But please don’t call it YouTube: Less than a third of Youku’s content is user-generated, setting it apart from the U.S. video-sharing mega-site. The U.S. has long had programs such as “America’s Funniest Home Videos.” But “in China, user-generated video has chiefly been around for only five years,” he said. That’s why Koo is more focused on providing licensed, original content from various stations in China’s fragmented television industry. Koo wanted them to converge on his website. “The Chinese media environment is almost upside down compared to the United States,” he said. “In the U.S., there’s like six or seven media conglomerates. In China, every city has its own TV and newspaper.”
What’s hot: By far the most popular show found on Koo’s site has been “Narrow Dwellings,” a series that irked authorities for portraying modern-day China a little too realistically. (Think mistresses and corrupt government officials.) Its episodes have garnered 115 million total views. The company is now eyeing pay-per-view video and targeting mobile phone users.
This will make you laugh: Kung Fu Bunny.
Background: Koo was born in Hong Kong and left for Australia as a teenager. He moved to the United States for undergraduate studies at UC Berkeley and earned an MBA at Stanford in 1994.

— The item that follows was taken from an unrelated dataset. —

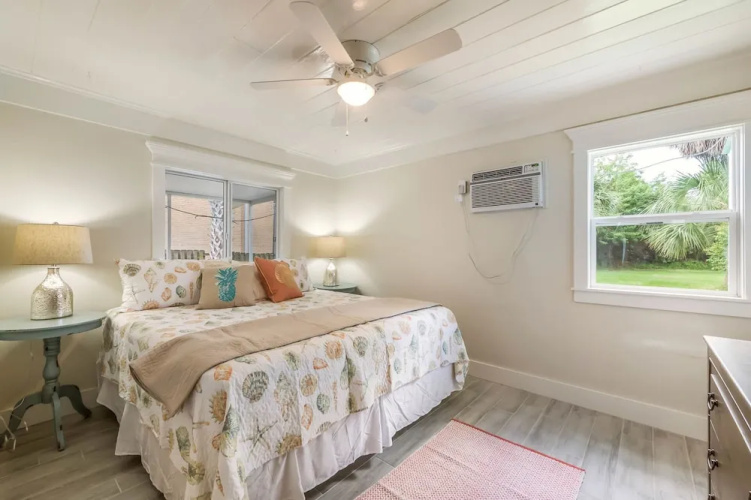 Spoonbill Suite at Driftwood #6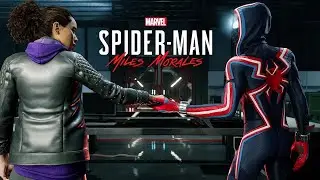 | UNEXPECTED TWISTT ABOUT PHIN | SPIDERMAN: MILES MORALES | PART- 3 |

Lasting lesson: Always a high-achiever, Koo was taken aback after being denied a transfer to UC Berkeley -- three times. The school didn’t recognize Koo’s Australian university credits. So he spent a year at De Anza College in Cupertino to earn enough units to qualify. “I don’t take things for granted,” Koo said. “Things don’t come easy. You’re always going to face challenges and pressure.”
Biggest influence: Studying business at Stanford and listening to entrepreneurs and venture capitalists discuss start-ups and the future of technology. His favorite guest lecturer: Apple Inc.’s Steve Jobs. “In China, the whole idea of entrepreneurship was relatively new,” Koo said. “So this was a very important part of my thinking.”
Breaking away: While classmates took jobs at Yahoo, Netscape and Cisco, Koo headed for China to work for a venture capital firm as the nation’s economic expansion was starting to heat up.
Moving up: Koo left private equity deal-making, wanting to seize on China’s online potential. In March 1999, he was named chief financial officer of Sohu.com, a major Chinese Internet portal similar to Yahoo, with a search engine, news and games. Koo later became the company’s president and chief operating officer. He left in March 2005 to realize his lifelong dream of starting his own business. Youku was launched in June 2006 in Beijing. It became available nationwide six months later. Within a year, its viewership grew twentyfold.
Management philosophy: “People talk about empowering your team. But that has to come in stages. You have to lead by example first. Once you have that trust and relationship, you can begin to pull back and let your team take over.”
Controlled environment: Koo’s site early on ran afoul of China’s strict censorship laws. So he assigned teams of hundreds of workers to remove sexual content uploaded by users. Workers also squelched material that Beijing considered politically sensitive. Censorship is one of the reasons that Google Inc. has threatened to pull out of China. Cooperation won Youku one of the first official licenses for a video-sharing site, a decision Koo defends. “Any country has its own rules and regulations for its development,” Koo said. “When dealing with this environment, you have to be ready to work within the rules.”
Funding: Since 2006, Koo has raised $10 million in debt and $110 million in private equity funds from U.S. and Chinese investors, including Brookside Capital, Maverick Capital and Chengwei Ventures. The company posted revenue of $29.3 million last year and is eyeing a public offering in Hong Kong or the U.S. “Going from zero to IPO, that’s the goal you want to reach,” Koo said.
Reminds himself every day to: “Be open, honest and direct.”